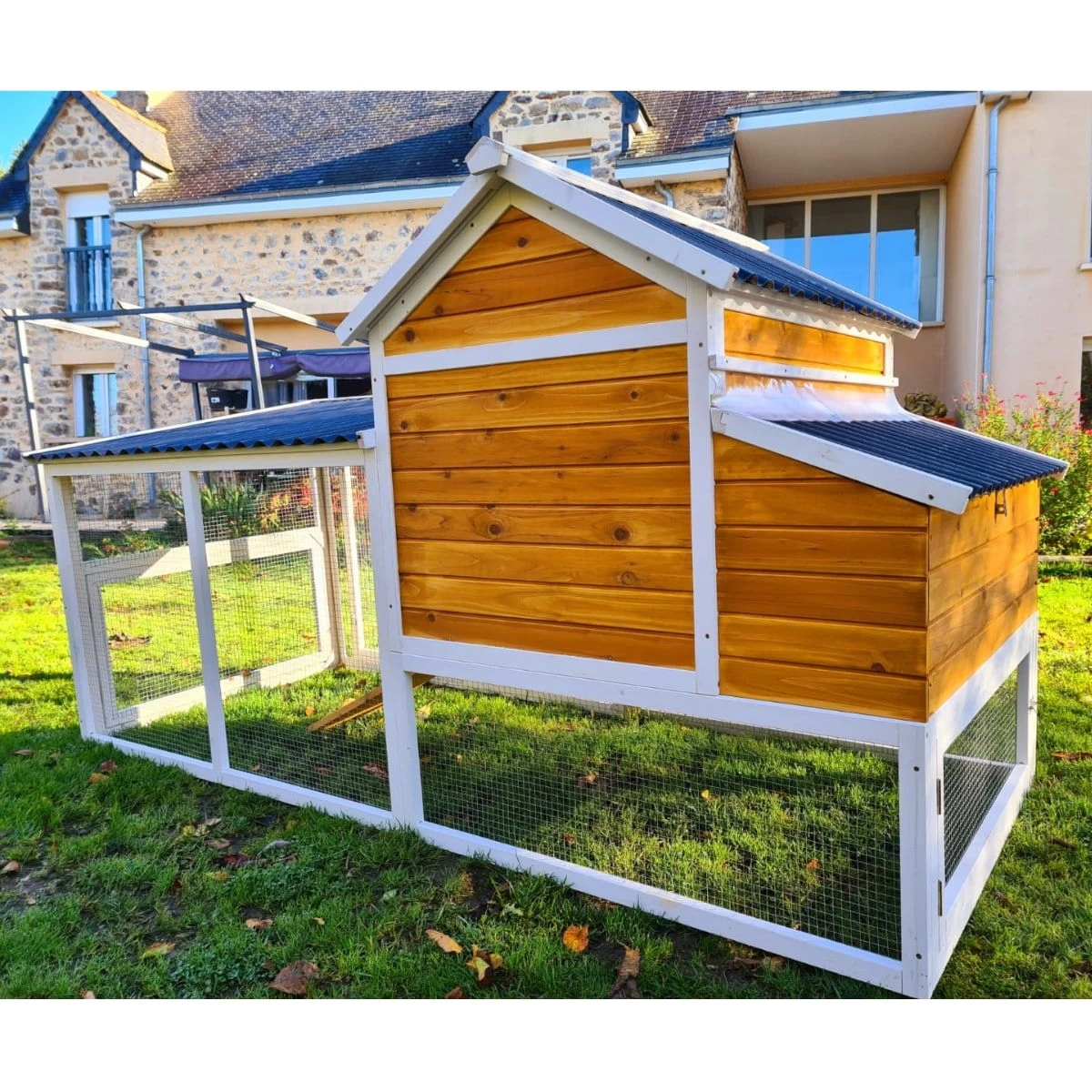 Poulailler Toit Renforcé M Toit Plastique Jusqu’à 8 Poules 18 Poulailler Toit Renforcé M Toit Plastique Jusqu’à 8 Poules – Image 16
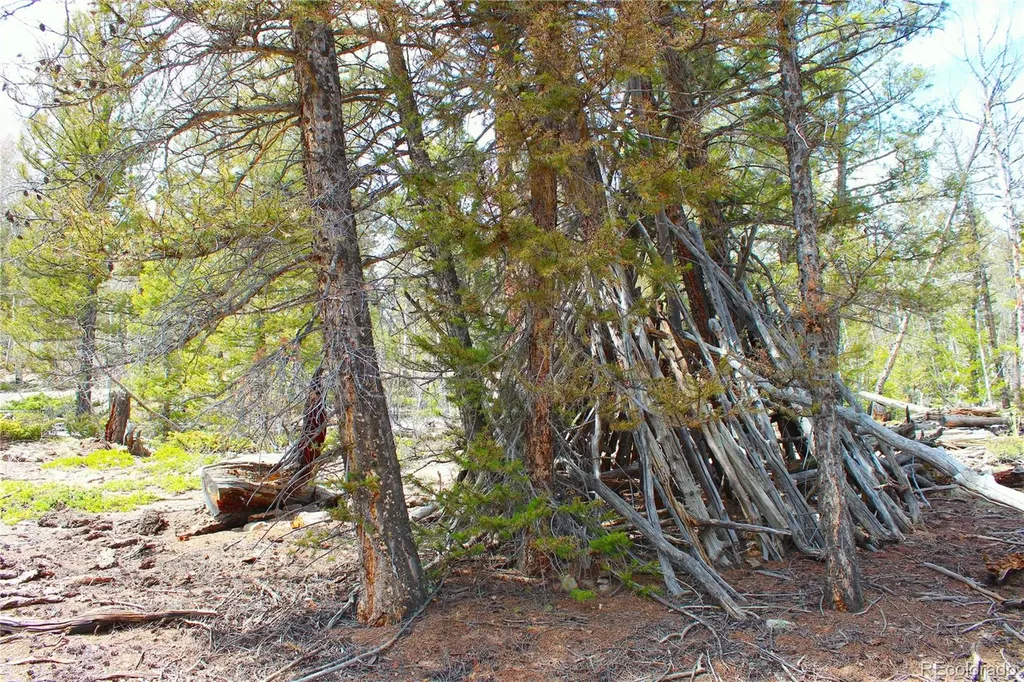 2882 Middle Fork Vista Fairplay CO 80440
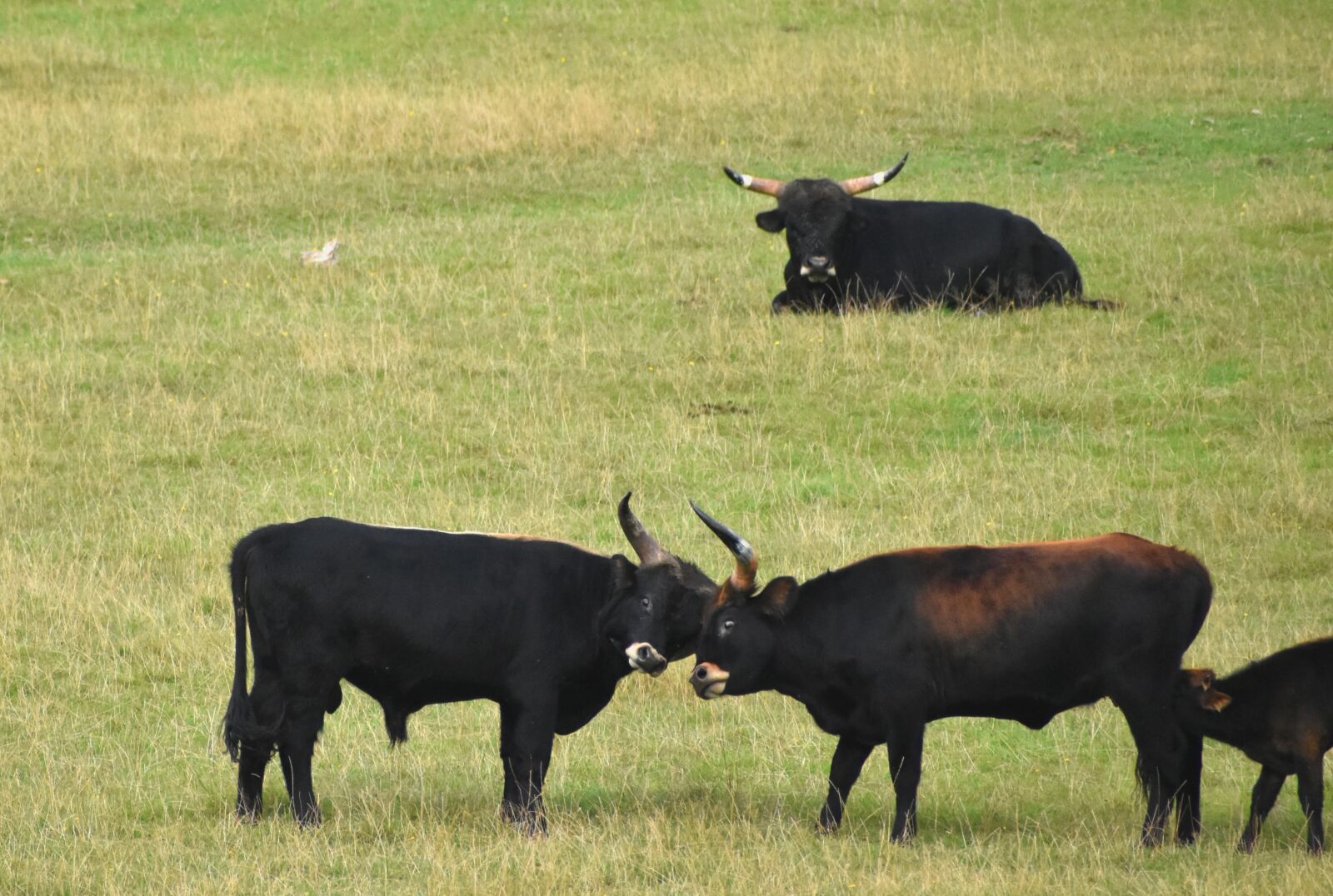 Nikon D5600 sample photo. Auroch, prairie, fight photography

---

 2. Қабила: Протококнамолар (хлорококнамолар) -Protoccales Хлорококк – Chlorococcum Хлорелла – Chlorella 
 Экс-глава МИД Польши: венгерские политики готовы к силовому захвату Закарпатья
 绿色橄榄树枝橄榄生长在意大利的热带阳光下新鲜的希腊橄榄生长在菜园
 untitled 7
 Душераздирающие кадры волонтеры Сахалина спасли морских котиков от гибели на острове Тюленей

==

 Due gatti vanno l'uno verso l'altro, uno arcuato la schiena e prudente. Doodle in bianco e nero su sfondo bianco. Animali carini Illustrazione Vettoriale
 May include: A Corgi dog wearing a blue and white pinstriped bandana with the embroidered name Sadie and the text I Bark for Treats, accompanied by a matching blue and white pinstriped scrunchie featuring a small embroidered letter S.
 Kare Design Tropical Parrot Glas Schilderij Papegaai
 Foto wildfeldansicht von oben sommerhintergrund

* [BRIEF]
Among the entries above, locate the lines containing "Kare Design Tropical" and "Foto wildfeldansicht von", and transcribe exactly those two lines and all lines between.

* [SOLUTION]
 Kare Design Tropical Parrot Glas Schilderij Papegaai
 Foto wildfeldansicht von oben sommerhintergrund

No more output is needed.